→ Instructions to follow
The whole listing below should be printed again exactly, with no images.

→ Available data
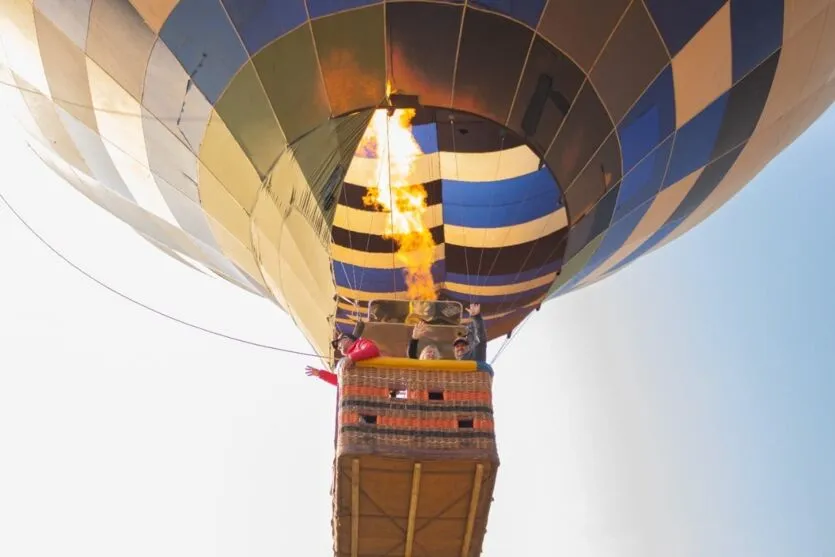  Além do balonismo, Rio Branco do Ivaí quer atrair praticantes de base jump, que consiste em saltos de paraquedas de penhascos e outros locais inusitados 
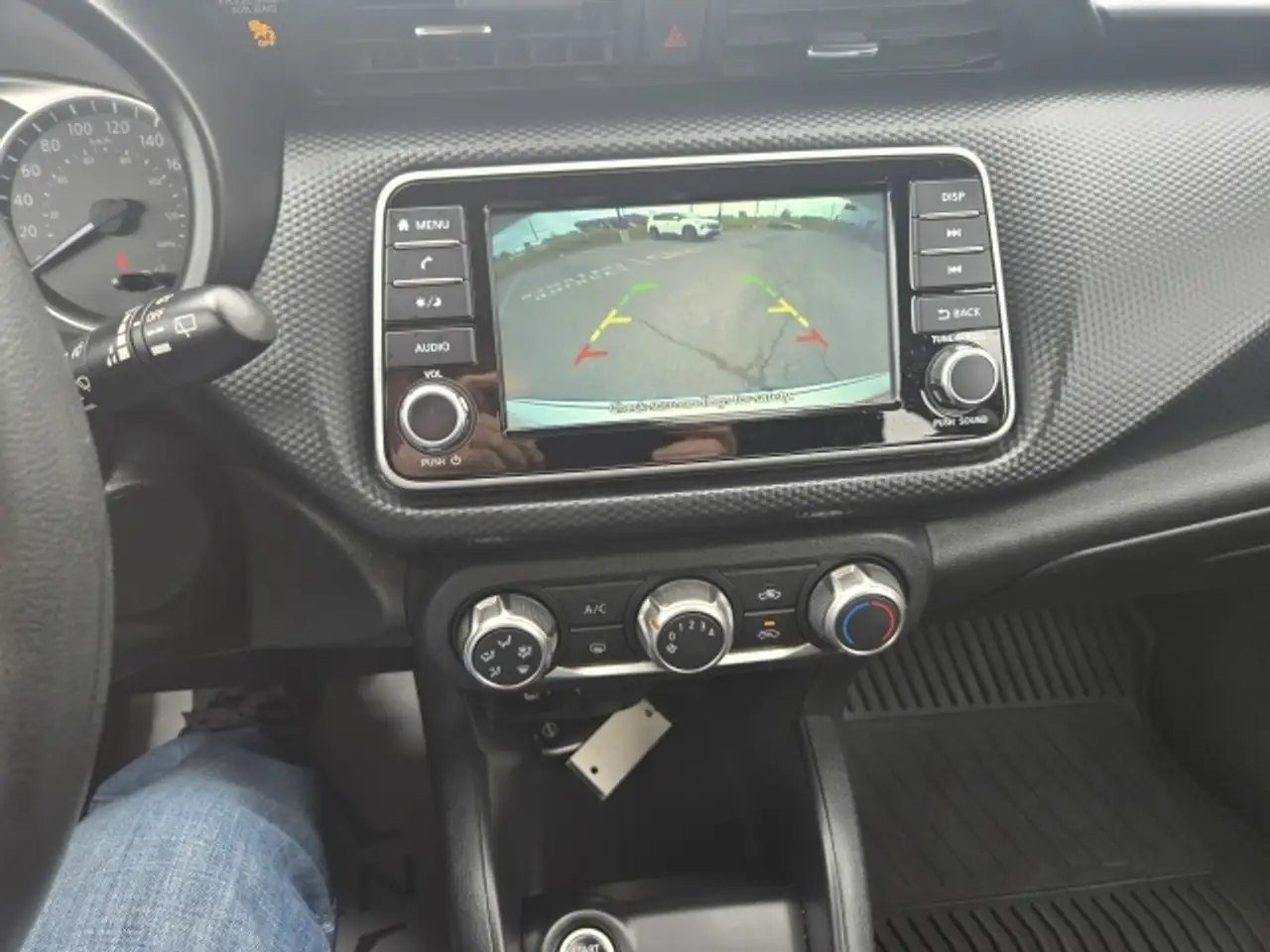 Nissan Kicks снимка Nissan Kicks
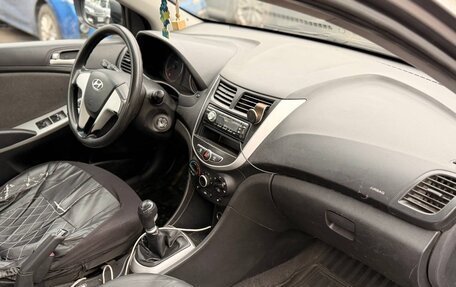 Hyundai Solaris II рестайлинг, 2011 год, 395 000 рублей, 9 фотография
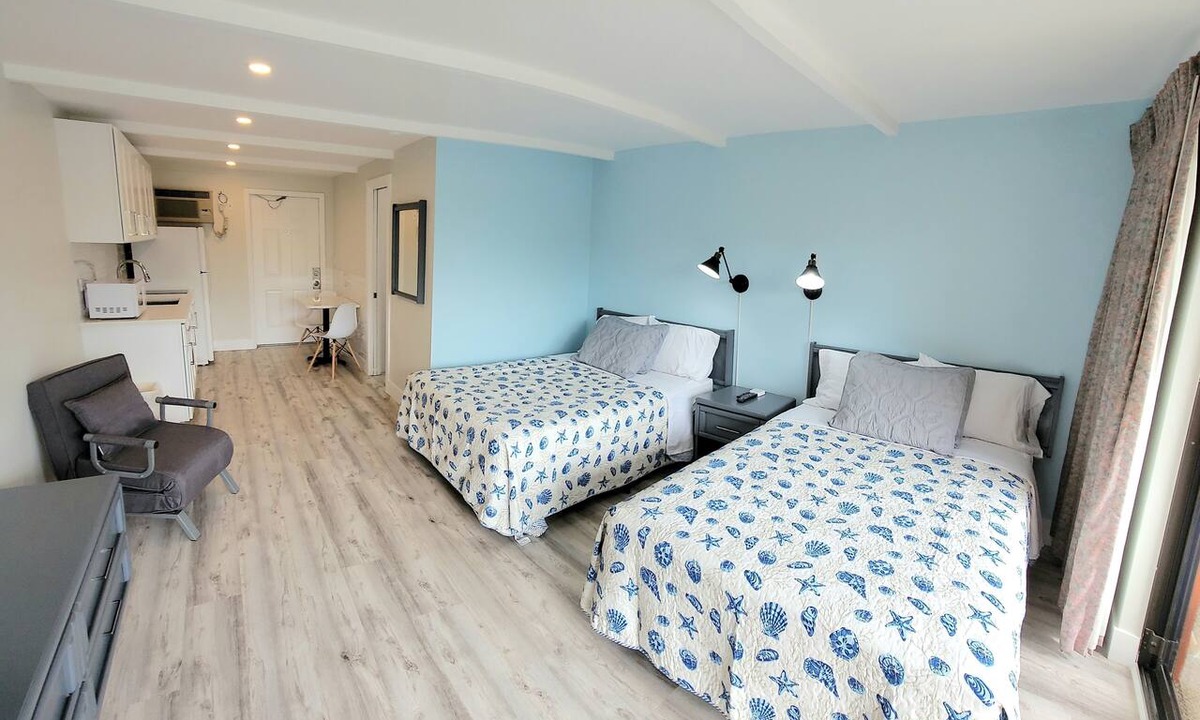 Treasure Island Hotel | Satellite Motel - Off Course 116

→ Result of the task
  Além do balonismo, Rio Branco do Ivaí quer atrair praticantes de base jump, que consiste em saltos de paraquedas de penhascos e outros locais inusitados 
 Nissan Kicks снимка Nissan Kicks
 Hyundai Solaris II рестайлинг, 2011 год, 395 000 рублей, 9 фотография
 Treasure Island Hotel | Satellite Motel - Off Course 116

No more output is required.